*What is being asked*: Copy down every line of the data that follows exactly. Omit the pictures.

*Exercise data*:
□ □ □ □

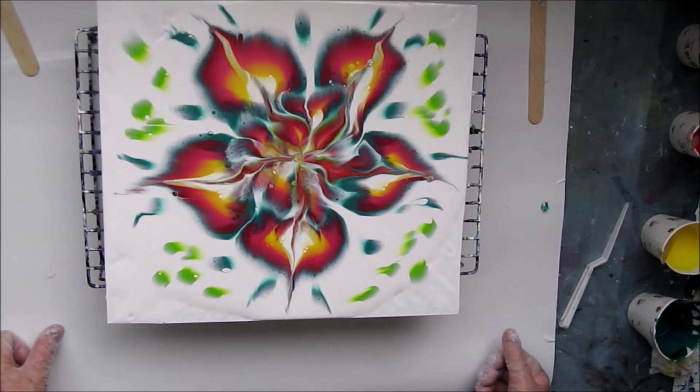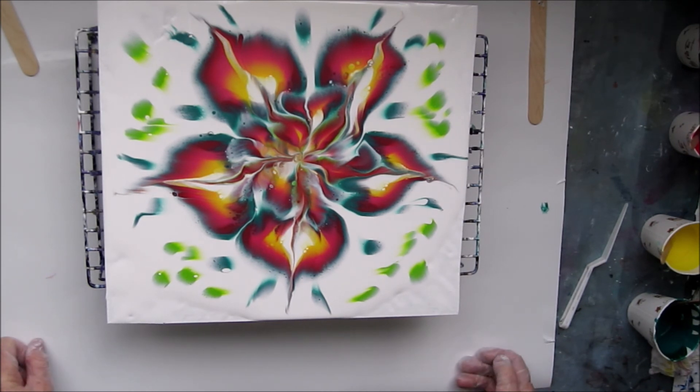Well, that's my triple bottle bottom pour reverse dip completed. Once again, thank you very much for joining me and I'll see you next time.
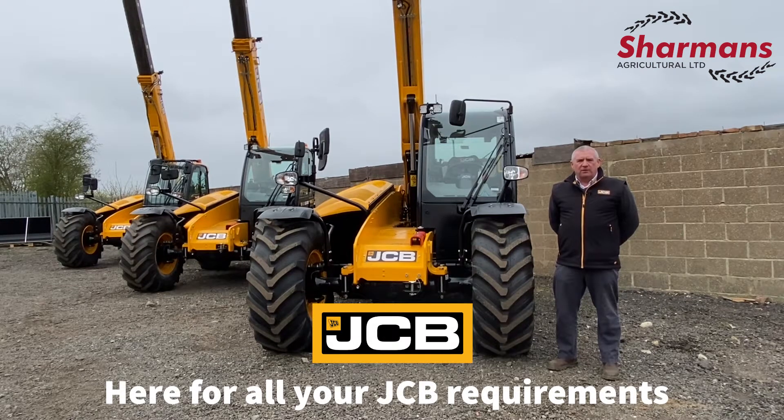Hello and welcome to Sharmas of Melton Moby Depot. My name is Paul Perrin, I'm an area sales manager for this depot and I'd like to give you a brief overview today of the JCB products we can offer for you to use on your farm.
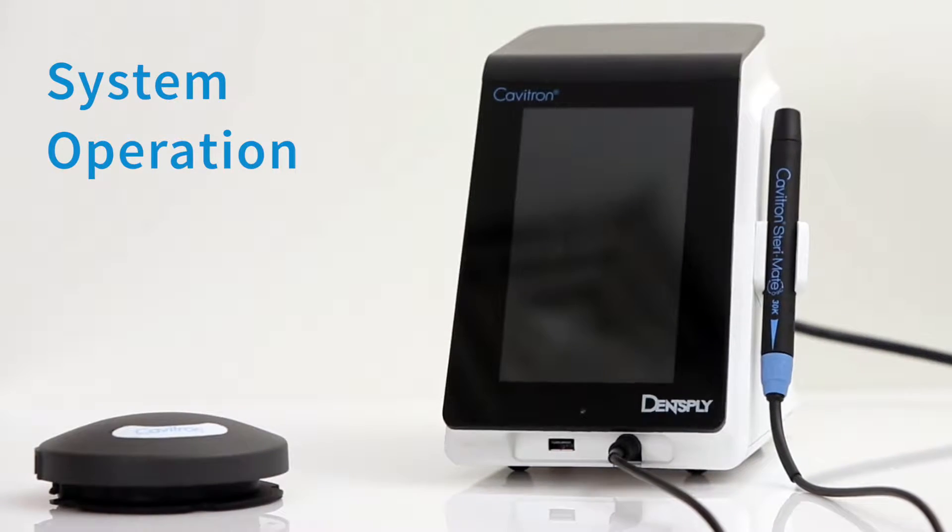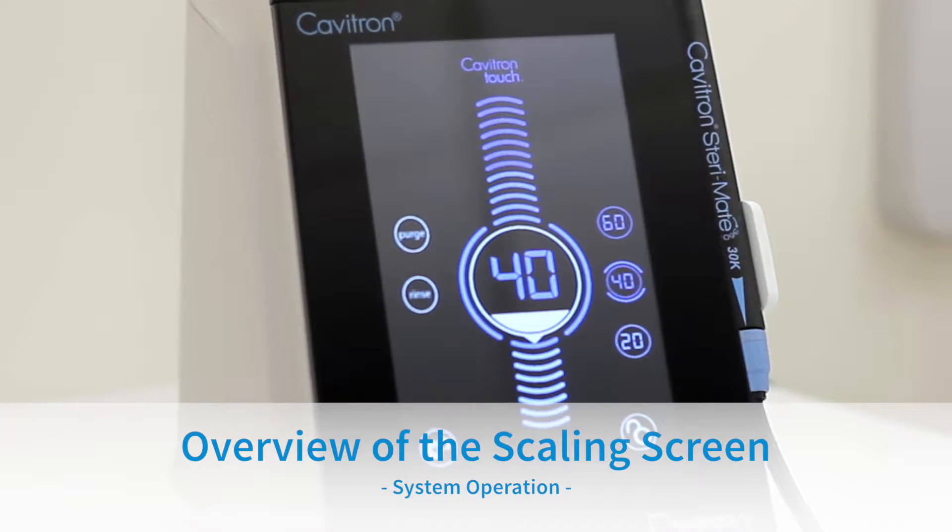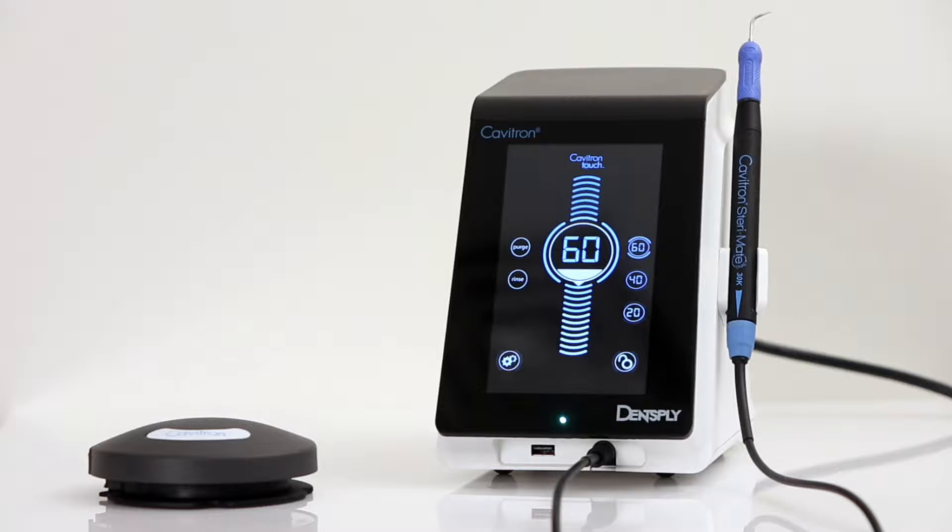System Operation: Overview of the Scaling Menu Screen. This is the scaling screen of the Cavitron Touch that will allow for adjustment of the operation. Please note that the touchscreen controls will either require a tap of the icon or a tap and hold for a full 2 seconds.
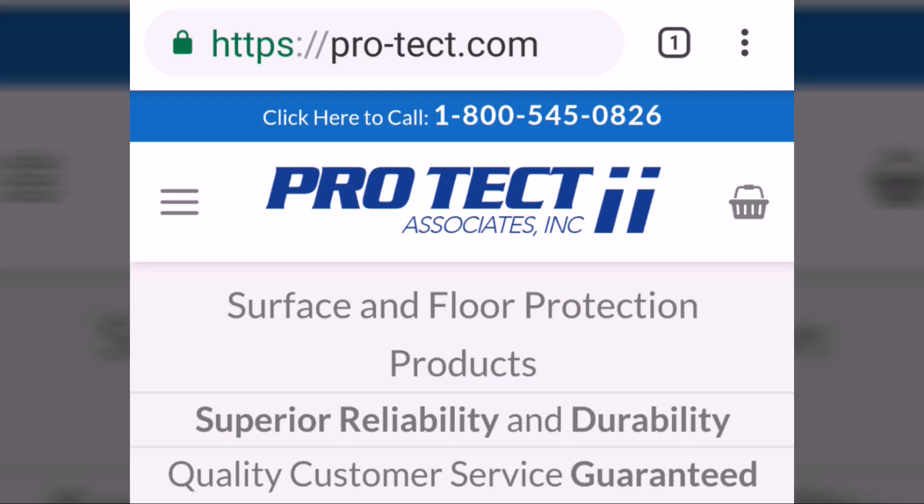Here's the website and phone number. I recommend the 36 by 100 choice, which is right around $200. You can cut it into three or four pieces — figure out what works best for you for the size homes you work for. What's great about this stuff is you can run your vacuum over it, as well as your carpet cleaning wand to keep it looking great.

□ □ □ □

*Solution to this task*:
Well, that's my triple bottle bottom pour reverse dip completed. Once again, thank you very much for joining me and I'll see you next time.
Hello and welcome to Sharmas of Melton Moby Depot. My name is Paul Perrin, I'm an area sales manager for this depot and I'd like to give you a brief overview today of the JCB products we can offer for you to use on your farm.
System Operation: Overview of the Scaling Menu Screen. This is the scaling screen of the Cavitron Touch that will allow for adjustment of the operation. Please note that the touchscreen controls will either require a tap of the icon or a tap and hold for a full 2 seconds.
Here's the website and phone number. I recommend the 36 by 100 choice, which is right around $200. You can cut it into three or four pieces — figure out what works best for you for the size homes you work for. What's great about this stuff is you can run your vacuum over it, as well as your carpet cleaning wand to keep it looking great.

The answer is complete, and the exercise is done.